Garments dating from as early as the 1930s, and once belonging to Elva and her sister Bessie, will be on show inside the house, and there will also be about 20 hats on display, spread through various rooms.

“The reason that we’ve been able to display all these old frocks from Elva and Bessie is because The Elms have very kindly lent us about a dozen mannequins,” says Julie. “Bessie was a milliner, so we’ve got a lot of her hats.

“She died in 1957 as a result of a motor accident.”

To add to the fashion theme, Amy Turner and friends will be modelling some of Amy’s clothing collection, showcasing each decade from the 1940s through to the 1970s.

Dancing demonstrations will also reflect each era.

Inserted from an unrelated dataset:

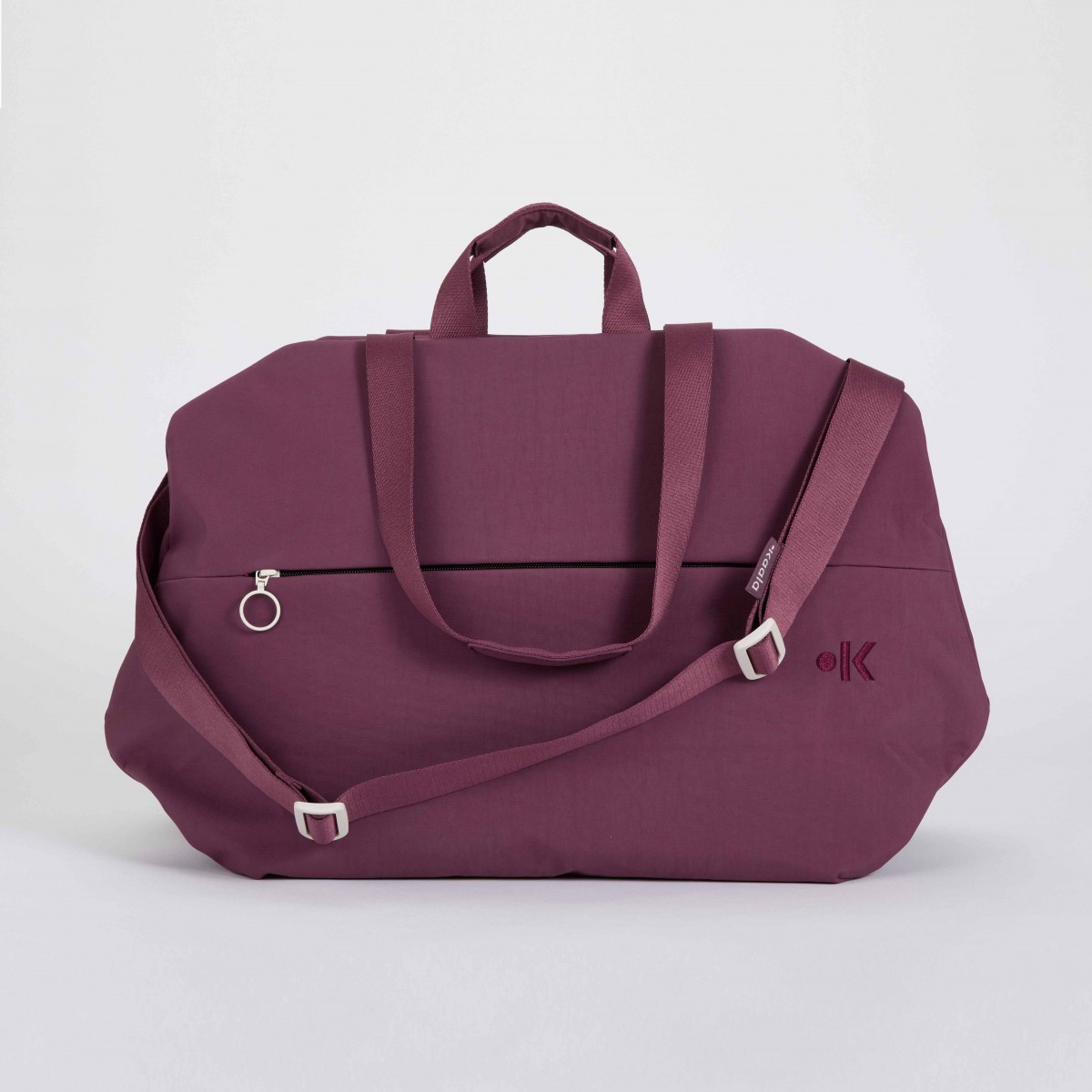 Cloud Bag I Yogatasche I kaala I plum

As I wander into the house to view some of the dresses, I find Shirley Arabin lifting the dustcovers in the bedrooms. A guide at the house for the last 12 years, Shirley trains many of the other guides who volunteer there.

She shows me a photo of Elva Brain being presented with the Captain Millar’s trophy at the Rifle Club in March 1917. The silver tea service that was presented to her as a prize by Sergeant Ernie Pemberton sits on a table nearby.

“She was the rifle champion,” says Shirley.

“It was said that she practised shooting rats here because the town dump used to be at the bottom of Elizabeth Street.

“The section next door, which is now Kale Print, was an orchard that belonged to the Brains.

“The rats came up to eat fruit and she used to pop them off with her gun.”

Shirley takes me through to the front room where the Shaw Savill Cup is on display under glass.

“Elva’s father, Joseph Brain, won it in 1869 at the Auckland Regatta with his boat the Aurora. The race was for the class of trading vessels over 40 tons.”

Joseph was not only a ship builder, but also a major contractor in the Tauranga district, building bridges, the Strand sea wall, the Durham Street fire station and the first Mount wharf. He was also the major contractor for the Memorial Gates at Tauranga Domain, according to research by Jinty Rorke on the Tauranga Kete website.

“Before the survey in 1851, the land had been part of the Church Missionary Society farm,” writes Jinty. “Joseph bought the property in the early 1880s. The house was built from a shipment of kauri he received in 1881.”

The first garden party, held in December 1979, featured the Otumoetai College choir, conducted by Bob Addison, a bobbin lacemaking demonstration, a piano accordionist and dancers.

Guests entered into the spirit of the event, coming dressed in top hats, tails and gowns. Duff Maxwell, Julie’s grandfather and owner of the Elms Mission House, was also in attendance.

This year, Marion Arts will be performing with her guitar in the garden.

“People pay a gold coin to come in to the garden, listen to music and see the fashion show,” says Julie. “They can buy afternoon tea in the hall at the back of the garden.

“There’ll also be raffles, a cake stall, produce, plants, bric-a-brac, a big book stall and three other charities with stalls of their own. It will be $5 to come through the house and see all the displays in there, and children can visit for free.”

The garden party is the Historical Society’s major fundraiser for the year. People are encouraged to attend in period costume and bring cash, as Eftpos won’t be available.

“It’s dashing attire for the gentlemen and pretty dresses for the women,” says Julie.

The Vintage Garden Party and Fashion Show runs from 1.30-4pm on Sunday, March 3, at Brain Watkins House on the corner of Cameron Road and Elizabeth Street. Free parking will be available in a parking building on First Avenue West.